Any picture in the listing is left out of the copy; all else is duplicated exactly.

Source data —
*****
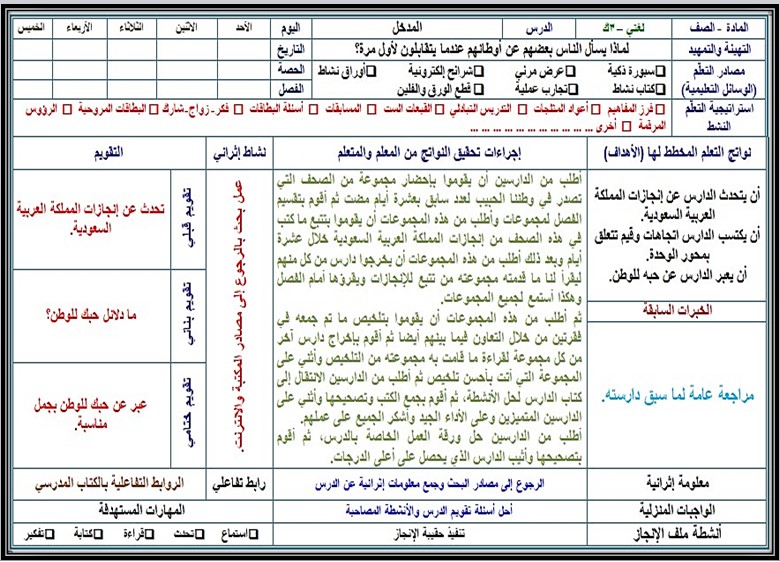 تحضير لغتي الصف الثالث التعليم المستمر الفصل الاول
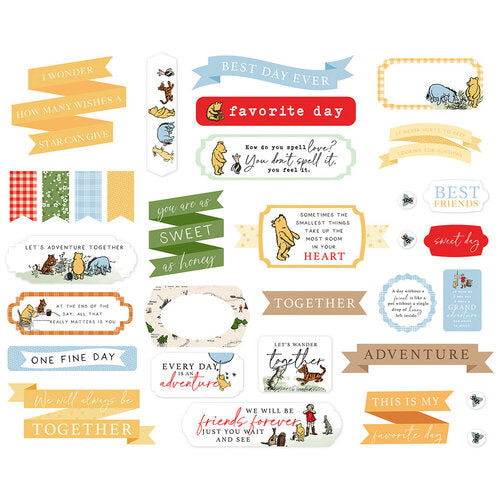 Echo Park Paper Company Title & Phrases Die Cut Cardstock Pieces Winnie the Pooh - Qty 32 - WTP363032
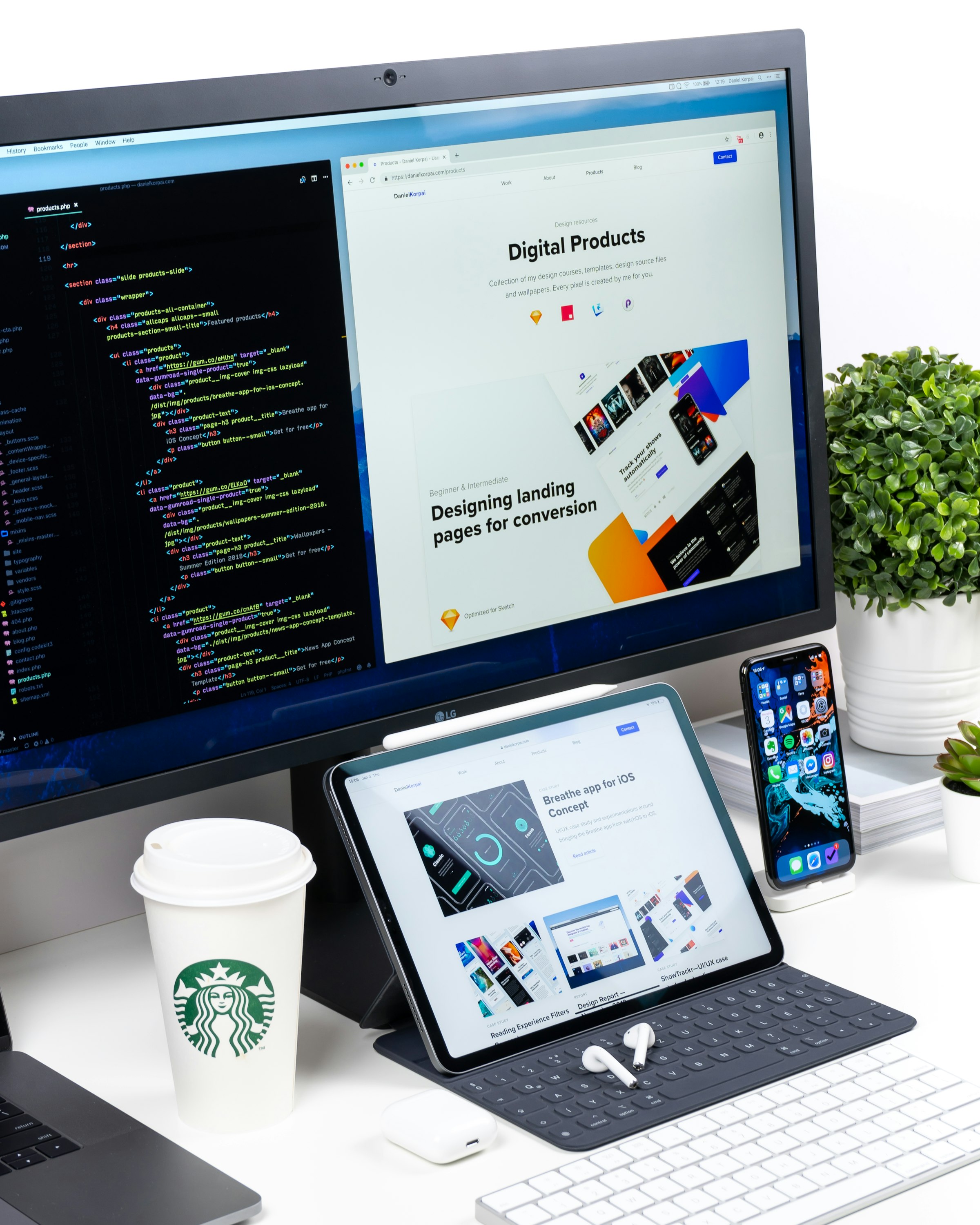 Stylized browser window with a web app interface and analytics panel.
*****
Reply to the exercise —
 تحضير لغتي الصف الثالث التعليم المستمر الفصل الاول
 Echo Park Paper Company Title & Phrases Die Cut Cardstock Pieces Winnie the Pooh - Qty 32 - WTP363032
 Stylized browser window with a web app interface and analytics panel.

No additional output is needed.